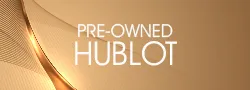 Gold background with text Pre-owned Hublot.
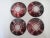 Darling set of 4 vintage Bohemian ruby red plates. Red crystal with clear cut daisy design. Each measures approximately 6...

^^^^^^^^

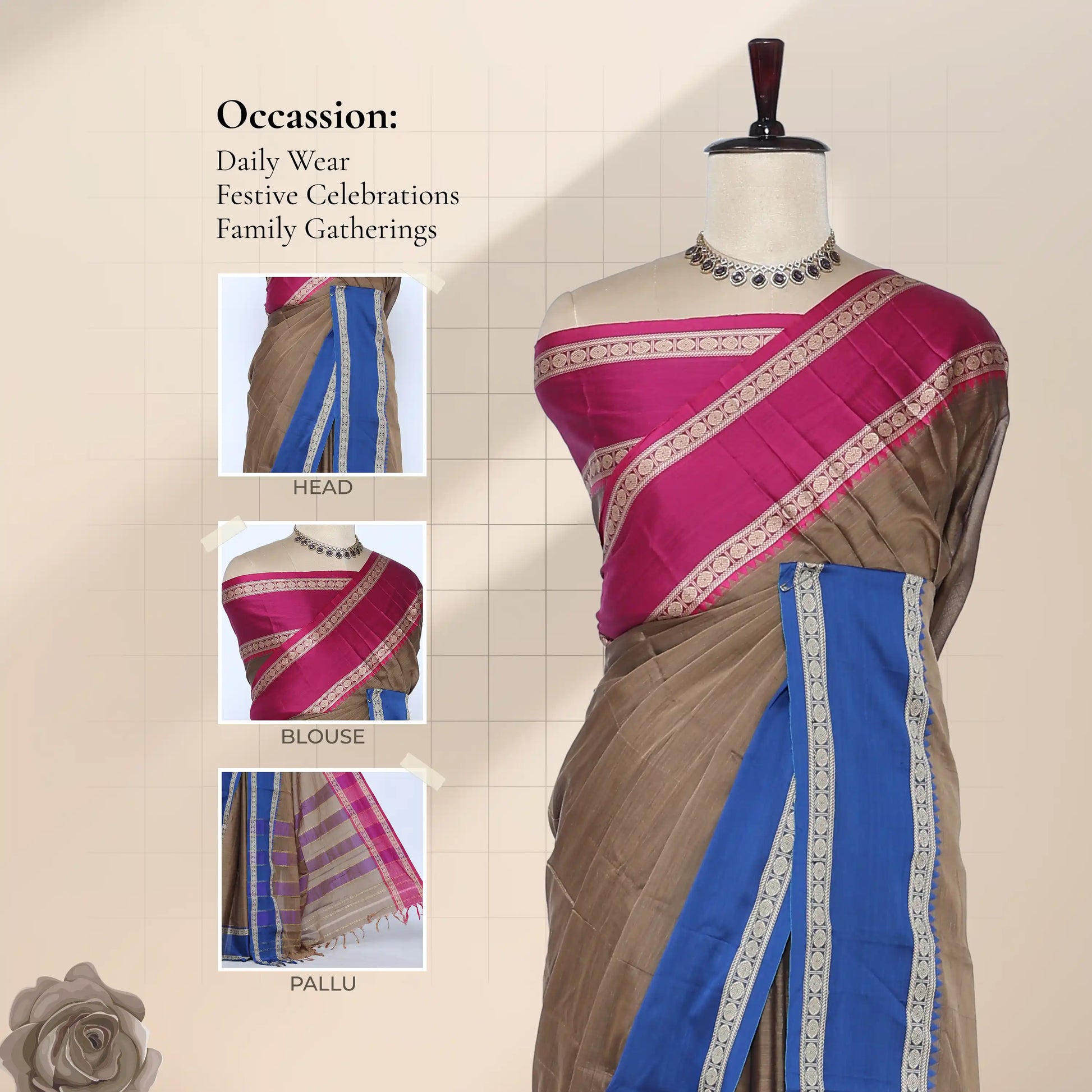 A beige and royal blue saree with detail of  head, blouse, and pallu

^^^^^^^^

### THE TASK
Pictures aside, return exactly the lines from the data above, starting at the line that has "Gold background with text Pre-owned Hublot." and ending at the line that has "Darling set of", both included.

### TASK RESPONSE
 Gold background with text Pre-owned Hublot.
 Darling set of 4 vintage Bohemian ruby red plates. Red crystal with clear cut daisy design. Each measures approximately 6...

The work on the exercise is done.